Seit wenigen Wochen hat das Land einen neuen Ministerpräsidenten. Welche Rolle wird Stefan Mappus für Ihre Arbeit spielen?

Wir setzen in Baden-Württemberg auf Kontinuität in der Kunstpolitik, weil wir dadurch ein hohes Niveau erreicht haben. Ich weiß, dass Ministerpräsident Stefan Mapppus an diesem Thema sehr interessiert ist.
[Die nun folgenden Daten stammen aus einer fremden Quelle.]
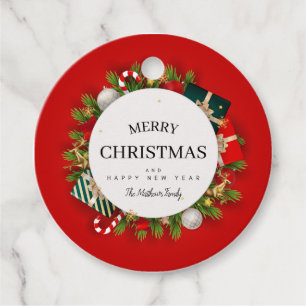 Red Green Merry Christmas Family  Favour Tags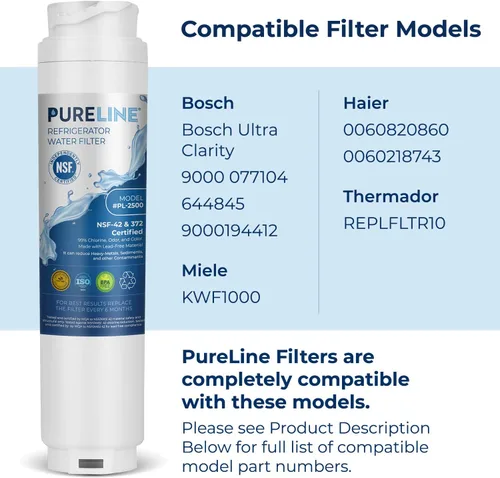 Vista 3 de Pureline 9000 077104 UltraClarity REPLFLTR10 Filtro de agua de repuesto para Bosch Ultra Clarity 9000194412, 644845, B26FT70SNS, B22CS80SNS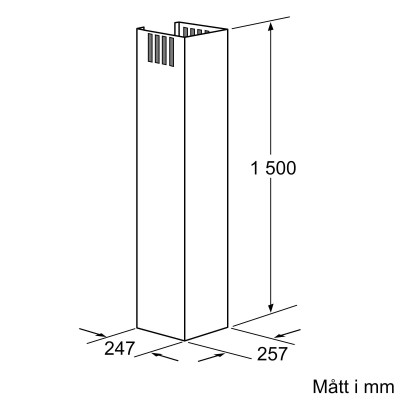 Siemens - LZ12350 - Skorstensförlängning, 1500 mm, Rostfritt stål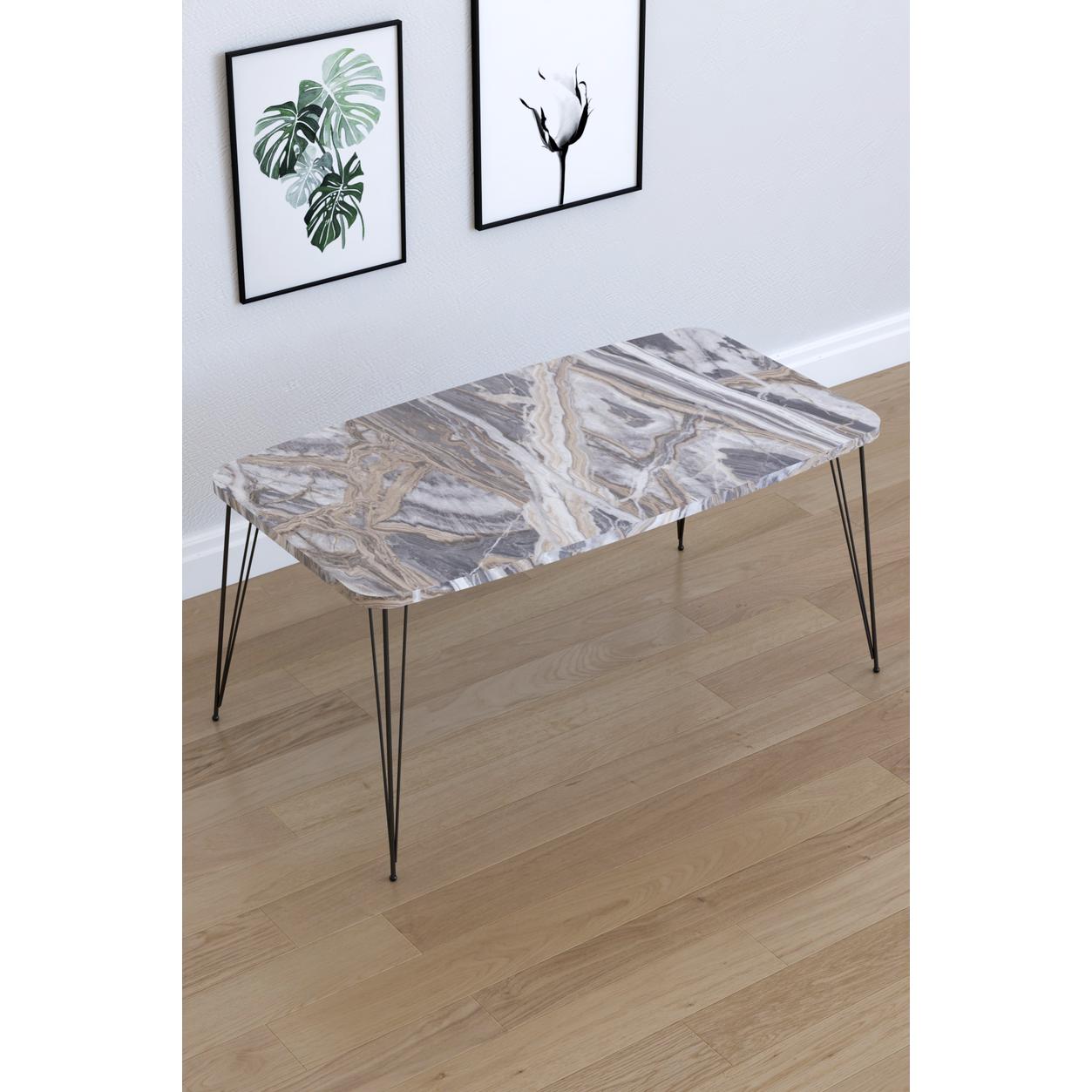 Τραπεζάκι Σαλονιού ArteLibre FEMI Γκρι Μοριοσανίδα/Μέταλλο 50x90x40cm - Hippiehome.gr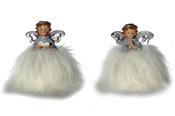 Medium Silver/grey Angels with faux fur 2 ass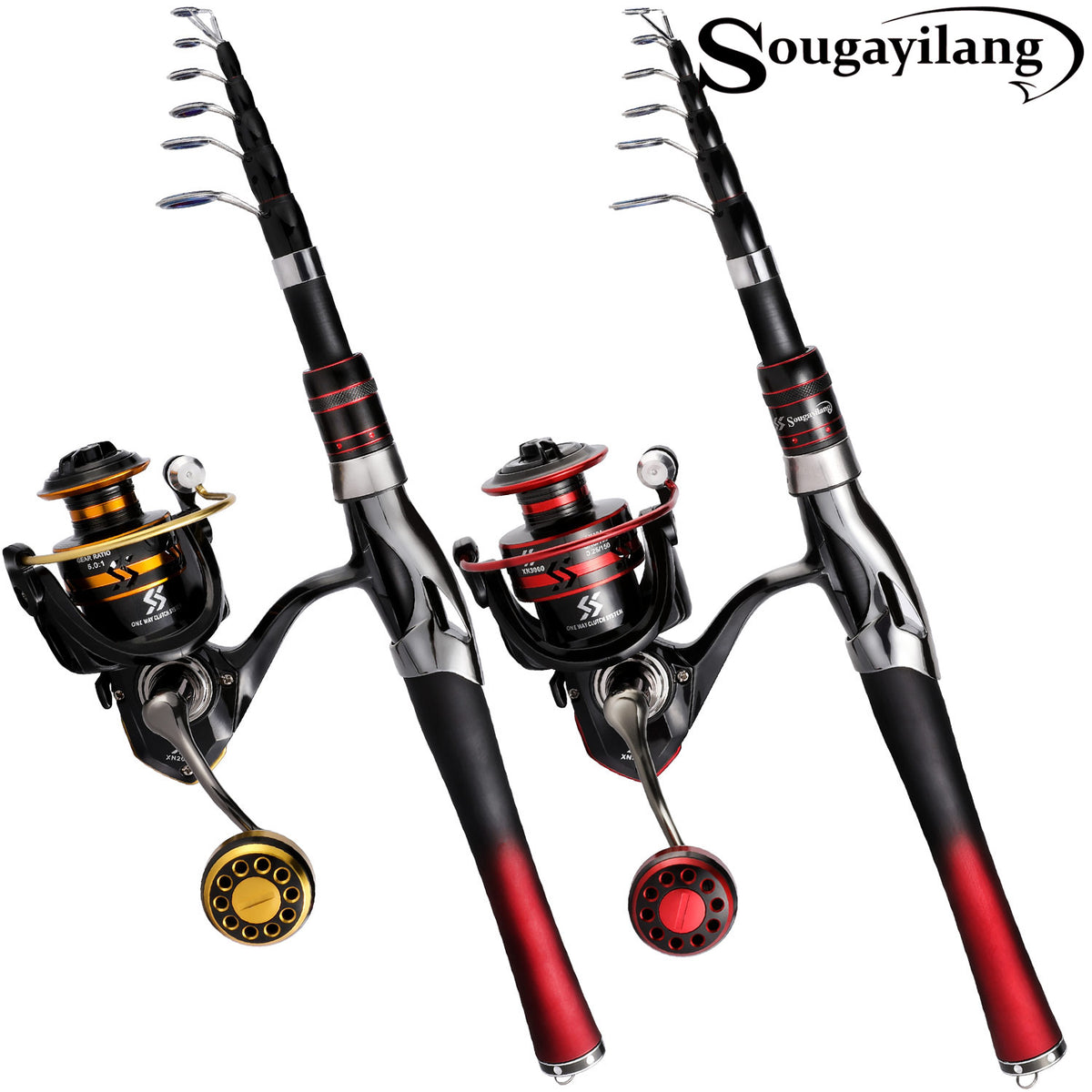Sougayilang Telescopic Fishing Rod Ultralight Spinning/Casting Carbon Fiber  1.6m Fishing Rods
Ich meine, jeder Ministerpräsident ist bisher gut damit gefahren, Kunst und Kultur in Baden-Württemberg einen hohen Stellenwert einzuräumen und entsprechende Akzente zu setzen.

In einer Klausurtagung zur Kunstkonzeption stehen Sie heute Ihrer Fraktion, der CDU, Rede und Antwort. Wie ist denn das Interesse der anderen Fraktionen an diesem Thema?

Kunstpolitik eignet sich nicht für den parteipolitischen Schlagabtausch. Ich freue mich sehr über das Interesse der eigenen Fraktion. Und Sie können sicher sein, dass wir dort wo es Anregungen von anderer Seite gibt, diese auch aufgreifen und diskutieren.